=== TASK BRIEF ===
If pictures appear among the lines below, leave them out while you return exactly the lines from the one with "Saia longa jeans - Índigo" through the one with "Sohi Gold Plated".

=== AVAILABLE RECORDS ===
######

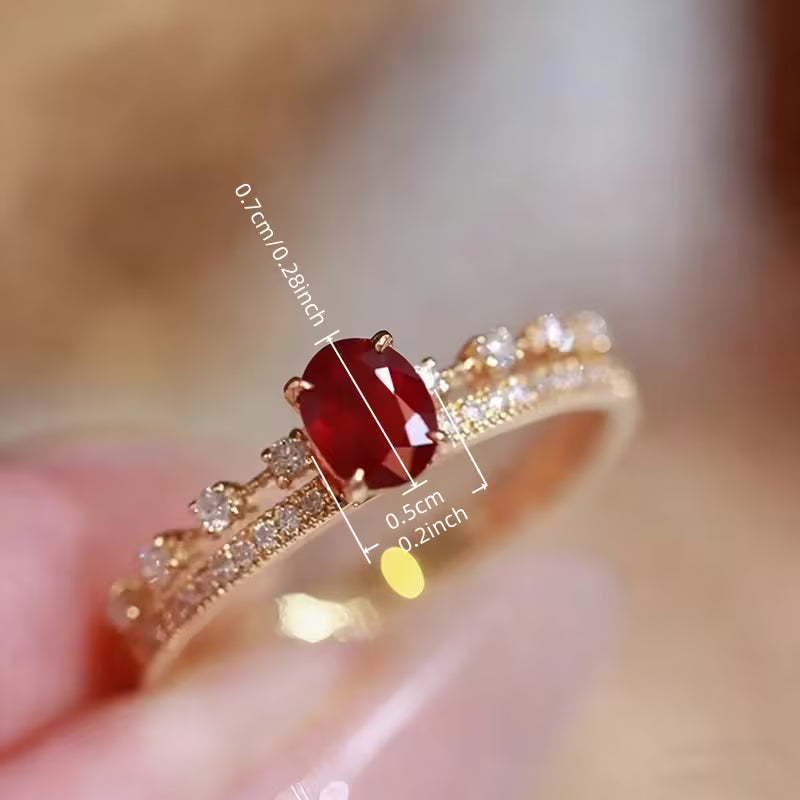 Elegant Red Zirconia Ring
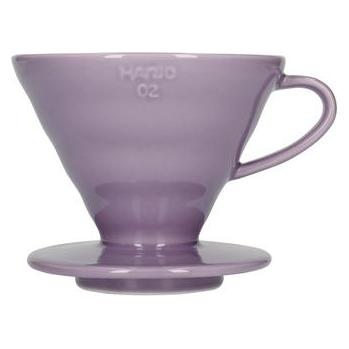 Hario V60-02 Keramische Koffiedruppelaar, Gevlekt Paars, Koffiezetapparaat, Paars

######

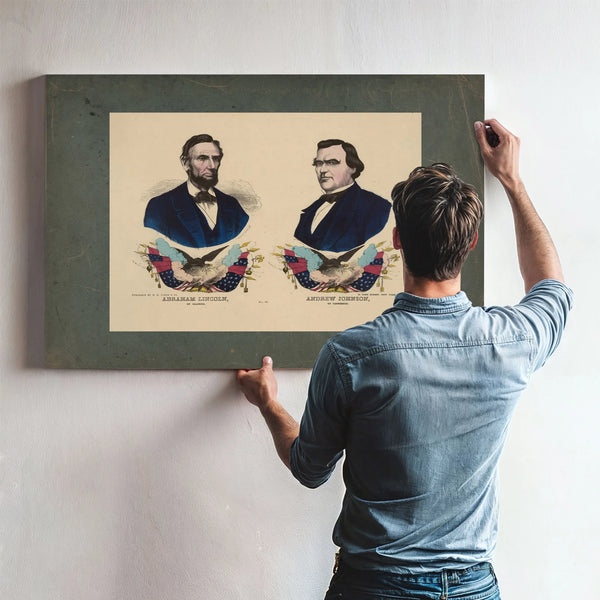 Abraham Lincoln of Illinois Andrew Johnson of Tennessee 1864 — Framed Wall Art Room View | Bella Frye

######

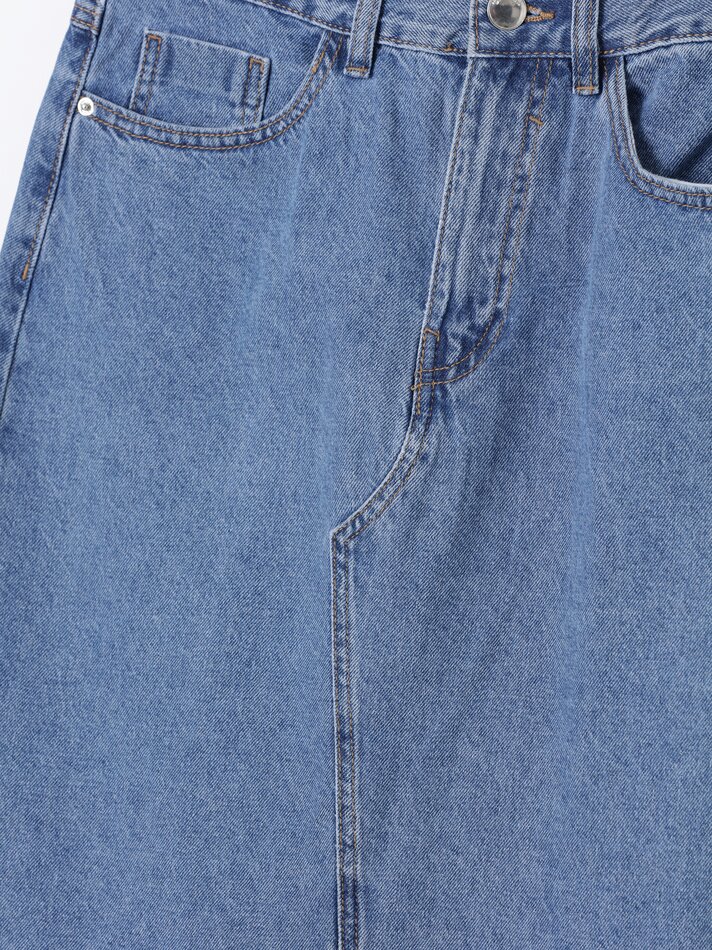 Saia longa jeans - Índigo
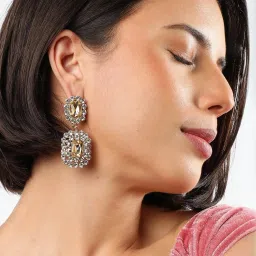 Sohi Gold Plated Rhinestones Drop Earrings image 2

######

=== RESPONSE BELOW ===
 Saia longa jeans - Índigo
 Sohi Gold Plated Rhinestones Drop Earrings image 2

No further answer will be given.